Tips on Using Poaching Liquid as the Key to Cook Your Fish

Poaching is a method of cooking fish in which you submerge your fillets into a hot liquid such as water, wine, broth or milk, for example. It’s one of the healthiest ways to cook wild salmon because the fish is not cooked in a fat such as extra-virgin olive oil or butter, either of which are commonly used when pan-frying or baking.

Because poaching generally happens at a very low heat, it lends itself to a gradual and gentle way of cooking. Like steaming, poaching keeps the fish moist and enhances its natural flavor.

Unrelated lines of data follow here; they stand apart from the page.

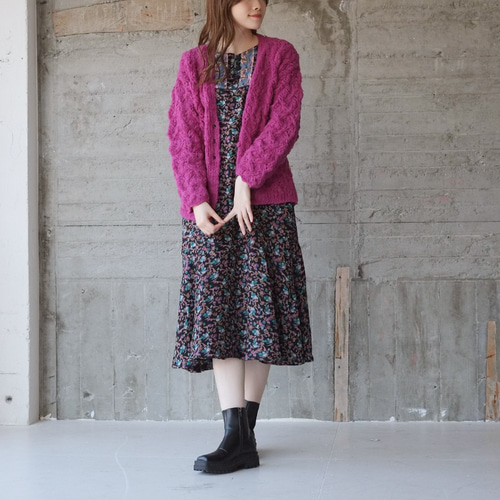 モヘアウールニットカーディガン（21w-20）ラズベリー ニット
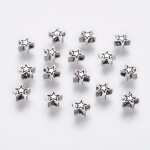 Kovový korálek - hvězda - starostříbrný - 6 x 6 x 3 mm - 1 ks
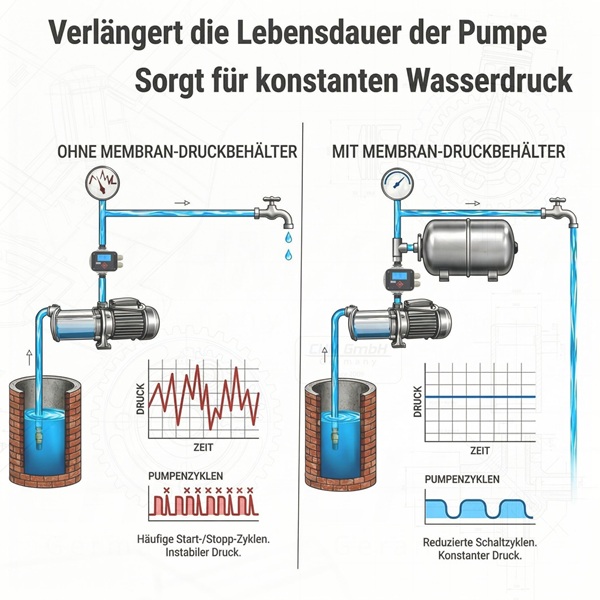 Membrankessel CF 50 L Stahl horizontal max. 8 Bar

Read on for our easy, step-by-step guide on poaching salmon.

How to Poach Salmon in Two Easy Steps

Prepping Your Salmon

Prepare the salmon fillet by patting it with a clean kitchen towel or paper towels to remove any excess moisture before you begin cooking it.

Set Up Your Liquid

In a saucepan, prepare whatever liquid you are going to use to poach the salmon. This can be something as simple as water, if you want to maintain the flavors of the fish in the purest way. Otherwise, if you want a little more flavor, try using some dry white wine or lemon juice If you want to, you can add some fresh herbs. Some of our favorites include sprigs of fresh dill, celery leaves, onion, or fennel. You can also add shallots, garlic cloves, bay leaves, black pepper or capers. The beauty of poaching lies in infusing your fish with these rich, herby aromas. 

Bring the liquid mixture to a simmer and then place the filet directly into the pan so that the mixture nearly covers the entire filet. This method is called shallow poaching.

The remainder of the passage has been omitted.